Le "Nikolaï Filchenkov" s'avance majestueusement à travers le détroit turc, emprunté chaque mois par des dizaines de bateaux russes qui forment une chaîne d'approvisionnement logistique destinée à soutenir les forces de Moscou en Syrie, informellement baptisée "Syria Express".
Le passage de ces navires dans le Bosphore, qui sépare les deux rives densément urbanisées d'Istanbul, offre une occasion unique d'observer de près ces bâtiments de guerre habituellement si discrets.
A travers l'objectif de son appareil photo, M. Isik observe la progression du vaisseau. Un large sourire illumine son visage lorsqu'il se rapproche: "Regardez, quelqu'un sur le bateau me salue!", s'enthousiasme-t-il, en désignant les militaires sur le pont.
"Les capitaines russes connaissent vraiment bien leur métier", ajoute-t-il, admiratif.
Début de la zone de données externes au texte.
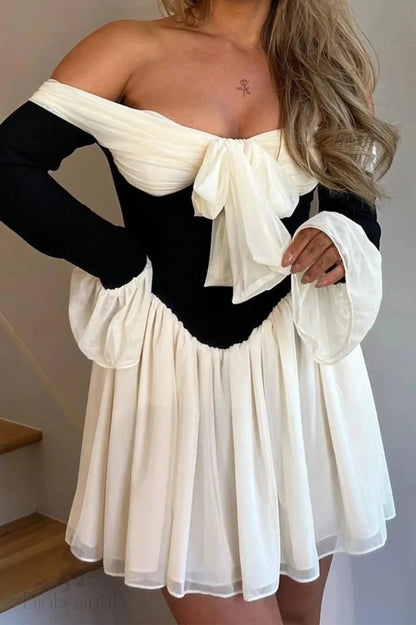 Strapless Backless Pleated Long Sleeve Mini Dress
Chaque passage fait les délices d'un groupe de "chasseurs de navires", amateurs très bien informés dont fait partie M. Isik, qui partagent leurs plus belles images sur les réseaux sociaux.
Leur activité a eu un retentissement majeur en décembre après la publication de photos, prises par plusieurs de ces amateurs, montrant un soldat russe en train d'épauler ostensiblement un lance-missiles sol-air à bord d'un autre navire, le "César Kunikov".
Ankara avait dénoncé une "provocation" de Moscou, en pleine crise entre la Turquie et la Russie après la destruction d'un avion russe par la chasse turque à la frontière turco-syrienne.
- Site 'exceptionnel' -
Cependant, même au faîte de la dernière crise entre Ankara et Moscou, les navires russes ont continué de traverser les détroits. La convention de Montreux, signée en 1936, sanctuarise la libre circulation à travers le Bosphore et les Dardanelles des navires de tous les pays, sauf ceux qui sont en guerre avec la Turquie.
Posté près de l'ancienne forteresse ottomane de Rumeli Hisari, à un niveau où le Bosphore est particulièrement étroit, M. Isik peut pleinement assouvir sa passion: C'est "un endroit exceptionnel qui traverse une ville gigantesque, un passage étroit que tous les navires doivent emprunter: il n'y a pas d'alternative".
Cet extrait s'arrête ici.